I listened to the program too. It was fascinating especially as I had Google Maps open at the time and homed in on the villages/towns mentioned. I also opened up old-maps to compare what was and is. It was fascinating, made more so by linking street names mentioned by some of the interviewees.
This lead on to the Witton Park story and the website - The Village that refused to Die.
http://www.daledaniel.fsnet.co.uk/ I'm not defending the planners (far from it) but it was interesting to note that in Witton Park's case the village was born out of iron making not coal mining directly which had been in decline in the area. I got on to my Mum about it and she said she knew that some of her relatives had come from Witton but was not really aware of the D village policy. I suppose you also have to remember that at the time (Mum's now 86) many people of her generation had been away at war and they saw such 'progress' as being part of the new beginning. The issue was also possibly clouded with the advent of the Nation Coal Board in 1947 and the plans mentioned by carnkie.
My first school Paddock Style, Philadelphia, no longer exists yet the rows of miners cottages opposite in Voltage Terrace are still there, as is 'The Power' (power station, Grade II listed) at the bottom of the terrace going down to the pit head where my Grandfather (Albert Purvis, Chainmaker) worked as one of the pit's blacksmiths, (the Lampton, Hetton and Joicey Colliery).

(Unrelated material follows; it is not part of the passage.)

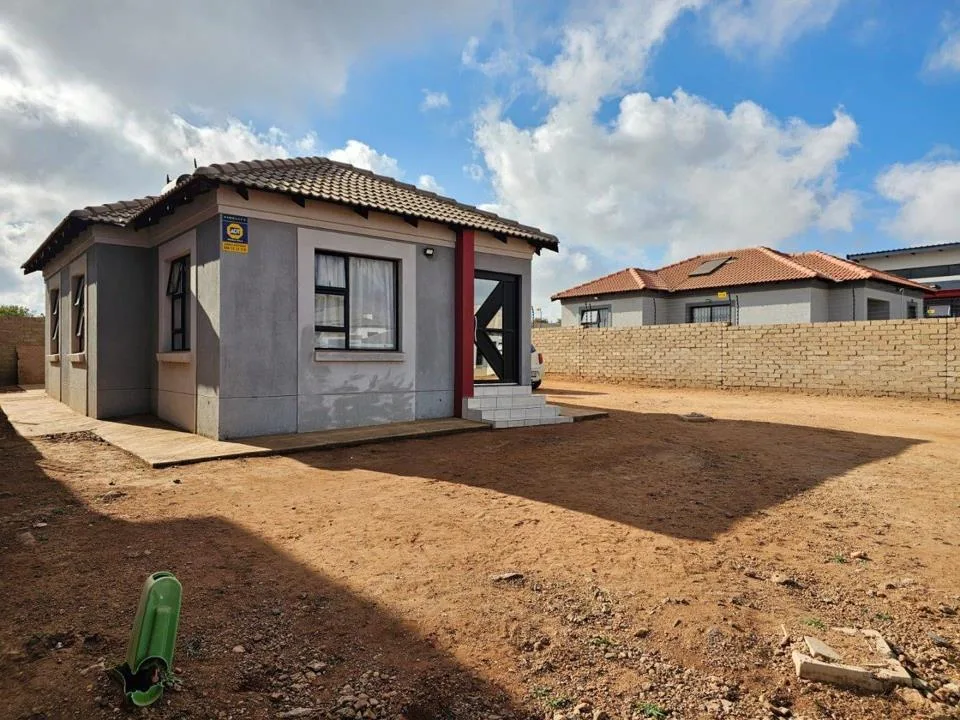 3 Bedroom House for sale in Bendor Meadows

While at the time the policy may have been perceived to be draconian, time has for whatever the reasons, shown that change was inevitable and that the communities have still survived albeit in some cases fragmented by the clearance of the colliery areas which was the reason they were there in the first place. Industrial Parks with all manner of trades and products can never hope to achieve the unity created in a community whose sole purpose was the winning and distribution of a mineral whose use was the basis of so much and used by so many.
The coalfields of Durham were in decline just through progress, as were many others. What happened in the 80's was brutal (forget the politics side). I can remember my Grandmother, then in her late 90's, heartbroken seeing the end of what to her was a way of life, an era that will never return.